Forum Discussion
"Your credentials did not work" AVD Azure AD joined
I'm trying to test AVD Azure AD-joined only. I've met all the requirements here - Deploy Azure AD joined VMs in Azure Virtual Desktop - Azure | Microsoft Docs. The PC I'm connecting from is running Windows 10 21H2 and is Azure AD registered to the same AAD as the AVD VM. I've enabled PKU2U on both the local PC and AVD VM, and tried it both with and without targetisaadjoined:i:1 in the host pool config.
When I try to log in via the Remote Desktop Client (the MSI one, not Store), I enter my UPN prefixed by AzureAD\ as required. I always get "Your credentials did not work". The web client doesn't work either. The security log on the AVD VM shows ID 4625 - "Unknown user name or bad password."
I can log in without any issues to the same AVD VM from a PC that is Azure AD-joined and using Windows Hello for Business, so I know AVD works.
The only thing I'm not sure of is MFA. My account has MFA enabled, but from what I understand that should not be an issue as I'm not using the legacy per-user MFA that the article says isn't supported.
- Johan_VanneuvilleIron ContributorHi,
Can you try with your upn without AzureAD\ infront?

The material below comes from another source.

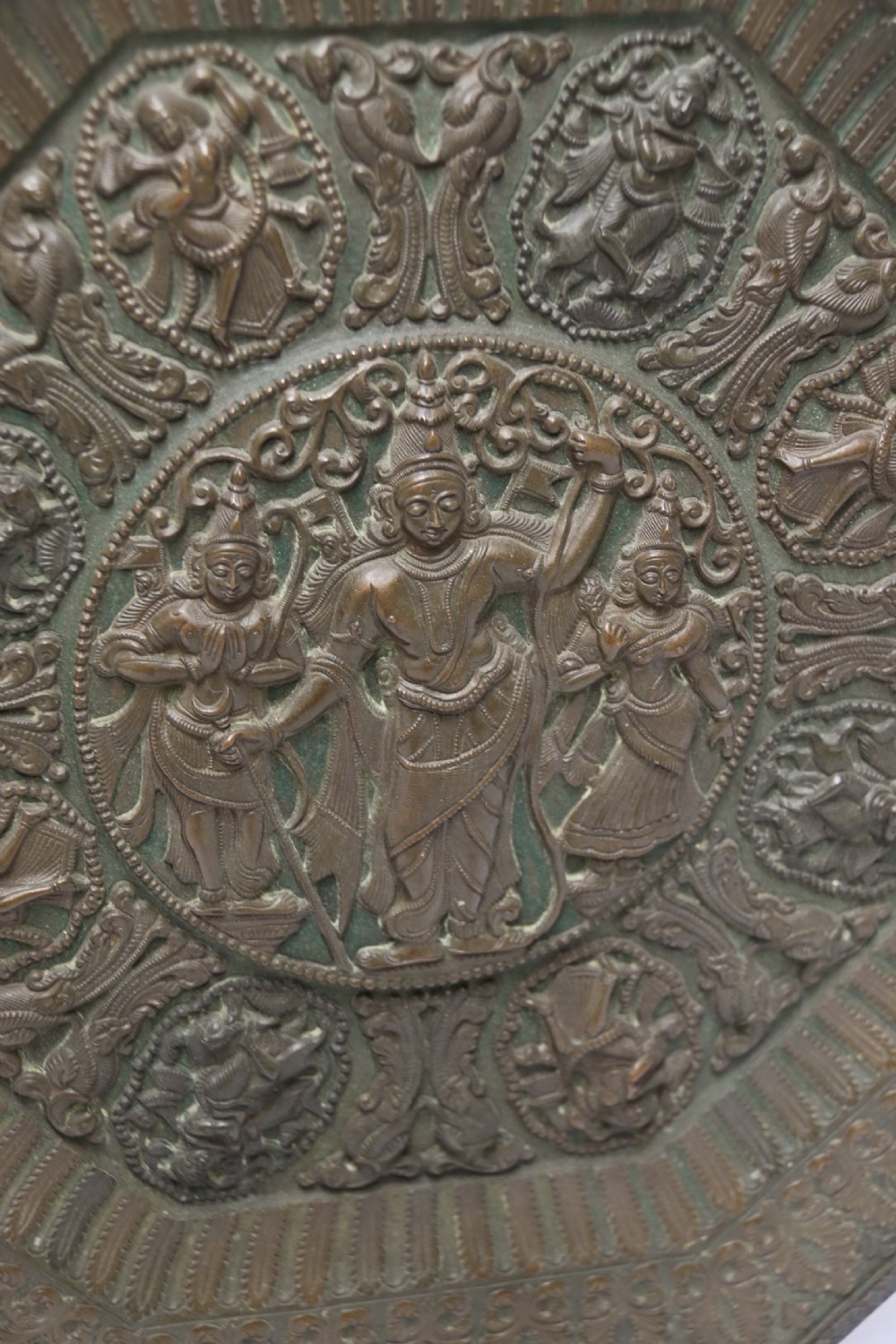 A Superb large Raj period 19th C Indian Copper Charger View X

Just login in email format.- PeteMitchellBrass ContributorThanks. I already tried that and get the same error.
- DavidBelangerMicrosoftPeteMitchell MFA quite possibly the culprit here. You must ensure to add "Azure Windows VM sign in" to the Exclusion list for MFA. You can start by reviewing the following info: https://docs.microsoft.com/en-us/azure/virtual-desktop/troubleshoot-azure-ad-connections#i-cant-sign-in-even-though-im-using-the-right-credentials
- G_Davidson1975Copper ContributorHi Pete, did you get to the bottom of this issue, I too have the same issue where I cannot log into a AD-joined AVD machine but can log into a Laptop ad-joined machine.
- rePellCopper Contributor
I am having an issue exactly matching your description. I have no idea what I did. It worked last week.

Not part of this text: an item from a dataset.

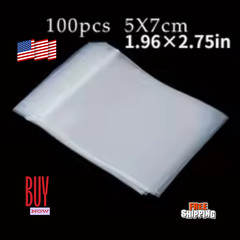 Clear Zip Seal Plastic Bags Jewelry Zipper Top Lock Reclosable Baggies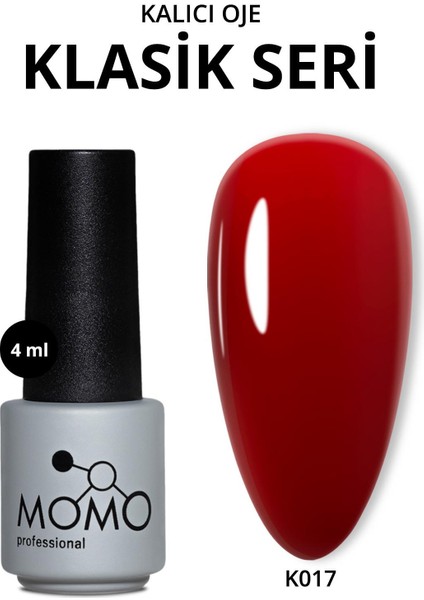 Kalıcı Oje K017, Kızıl Bordo, 4 ml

- kduriganCopper Contributor
rePell, in case anyone runs into this thread, if you have host pools with AAD joined machines then you have to set the following RDP Advanced property in the host pool: enablerdsaadauth:i:1. This can also be set in Nerdio's RDP host pool "All" properties if you are using Nerdio. Make sure you refresh the policy for each changed host pool in the Azure Virtual Desktop (Preview) client by clicking the ... and selecting Refresh.